Conor McGregor is the biggest pay per view draw in the UFC, with lofty goals to match. Two fighters have won title belts in two different weight divisions – BJ Penn and Randy Couture. McGregor wants to do one better – he wants to hold two belts at the same time.
However, if you are the champion, you have to defend your belt. It is not a deal, like the lottery, where when you win it, you get to keep it and do whatever you want with it.
McGregor defeated Jose Aldo via in just 13 seconds at UFC 194 on December 12, 2015. Afterwards, he exclaimed famously that “timing beats speed, precision beats power.”
In keeping with his goals, the next fight was a title shot at then UFC lightweight champion Rafael dos Anjos on March 5. Unfortunately, RDA broke his foot and dropped out on February 23. Fortunately the UFC reached out to Nate Diaz, who was at that moment doing tequila shots, and a fight was agreed upon, at welterweight.
Then McGregor got tapped out in the second. A rematch was made and both fighters made many, many millions.
But now it is time for Conor McGregor to make a decision. UFC president Dana White appeared recently on Under Center with Mark Malone on NBC Sports Radio, and said he was not going to strip McGregor of the belts, but said the champion has choices.
“He has to either defend his title or give it up and decide what he wants to do next. We’ll get that figured out with him.”
White said McGregor has multiple options, but a trilogy fight with Diaz is not one of them. Further, White explained that if McGregor does not want to fight interim champion Jose Aldo, then the Irishman should voluntarily surrender his belt.
McGregor struggled hugely to make 145, and looked emaciated at weigh ins. The sport is moving away from the culture of extreme weight cutting that has long suffered from.
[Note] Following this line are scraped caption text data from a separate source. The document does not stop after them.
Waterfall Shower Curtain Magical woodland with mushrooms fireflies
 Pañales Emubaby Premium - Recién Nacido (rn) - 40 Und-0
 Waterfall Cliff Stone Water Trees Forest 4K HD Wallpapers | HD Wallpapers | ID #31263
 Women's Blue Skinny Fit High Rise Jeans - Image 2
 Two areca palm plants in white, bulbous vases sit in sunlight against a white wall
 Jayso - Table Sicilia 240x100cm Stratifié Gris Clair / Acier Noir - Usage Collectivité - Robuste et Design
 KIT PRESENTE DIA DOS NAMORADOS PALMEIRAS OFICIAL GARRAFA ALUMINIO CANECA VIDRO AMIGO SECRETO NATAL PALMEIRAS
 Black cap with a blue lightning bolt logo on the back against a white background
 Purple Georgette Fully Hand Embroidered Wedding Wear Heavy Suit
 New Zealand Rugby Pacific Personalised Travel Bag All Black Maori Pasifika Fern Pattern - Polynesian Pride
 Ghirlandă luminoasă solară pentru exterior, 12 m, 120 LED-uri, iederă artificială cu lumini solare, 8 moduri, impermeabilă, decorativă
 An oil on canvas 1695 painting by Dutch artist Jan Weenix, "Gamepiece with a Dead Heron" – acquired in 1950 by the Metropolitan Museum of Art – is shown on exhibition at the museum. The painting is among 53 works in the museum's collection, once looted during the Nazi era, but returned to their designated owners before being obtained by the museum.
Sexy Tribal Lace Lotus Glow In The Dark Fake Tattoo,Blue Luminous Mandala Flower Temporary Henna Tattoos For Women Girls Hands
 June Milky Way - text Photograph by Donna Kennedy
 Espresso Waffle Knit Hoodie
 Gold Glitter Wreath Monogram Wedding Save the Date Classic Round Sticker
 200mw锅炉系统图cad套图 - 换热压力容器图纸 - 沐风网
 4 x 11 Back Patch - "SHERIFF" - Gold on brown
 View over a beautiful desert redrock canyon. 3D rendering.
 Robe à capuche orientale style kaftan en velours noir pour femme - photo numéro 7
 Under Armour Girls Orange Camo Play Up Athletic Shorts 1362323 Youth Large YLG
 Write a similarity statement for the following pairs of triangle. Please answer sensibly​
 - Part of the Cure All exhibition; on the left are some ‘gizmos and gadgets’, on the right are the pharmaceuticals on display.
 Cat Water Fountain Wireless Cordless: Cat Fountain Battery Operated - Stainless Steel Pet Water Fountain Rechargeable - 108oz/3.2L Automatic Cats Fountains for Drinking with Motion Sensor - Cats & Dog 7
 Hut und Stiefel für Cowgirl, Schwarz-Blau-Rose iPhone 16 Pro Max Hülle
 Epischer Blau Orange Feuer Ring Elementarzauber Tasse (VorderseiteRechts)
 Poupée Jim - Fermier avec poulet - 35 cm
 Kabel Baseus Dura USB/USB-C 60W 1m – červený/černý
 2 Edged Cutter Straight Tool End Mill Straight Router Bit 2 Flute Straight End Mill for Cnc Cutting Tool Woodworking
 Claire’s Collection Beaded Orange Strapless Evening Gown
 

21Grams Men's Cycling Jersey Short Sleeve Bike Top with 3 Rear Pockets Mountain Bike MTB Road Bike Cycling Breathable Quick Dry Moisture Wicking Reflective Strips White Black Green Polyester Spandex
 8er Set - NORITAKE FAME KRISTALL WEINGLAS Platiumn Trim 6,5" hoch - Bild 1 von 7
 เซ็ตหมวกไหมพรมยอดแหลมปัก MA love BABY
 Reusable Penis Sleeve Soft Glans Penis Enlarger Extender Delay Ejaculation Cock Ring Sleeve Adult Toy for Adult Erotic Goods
McGregor tried fighting at 170, twice, and it does not appear to be the division that brings out his best.
There is a magic middle at lightweight.
McGregor vs. lightweight champion Eddie Alvarez at UFC 205 on November 12, 2016 at Madison Square, in the league’s triumphant return to New York would make sense, as would a fight at the massive year-end card on Dec. 30 at T-Mobile Arena in Las Vegas, Nevada.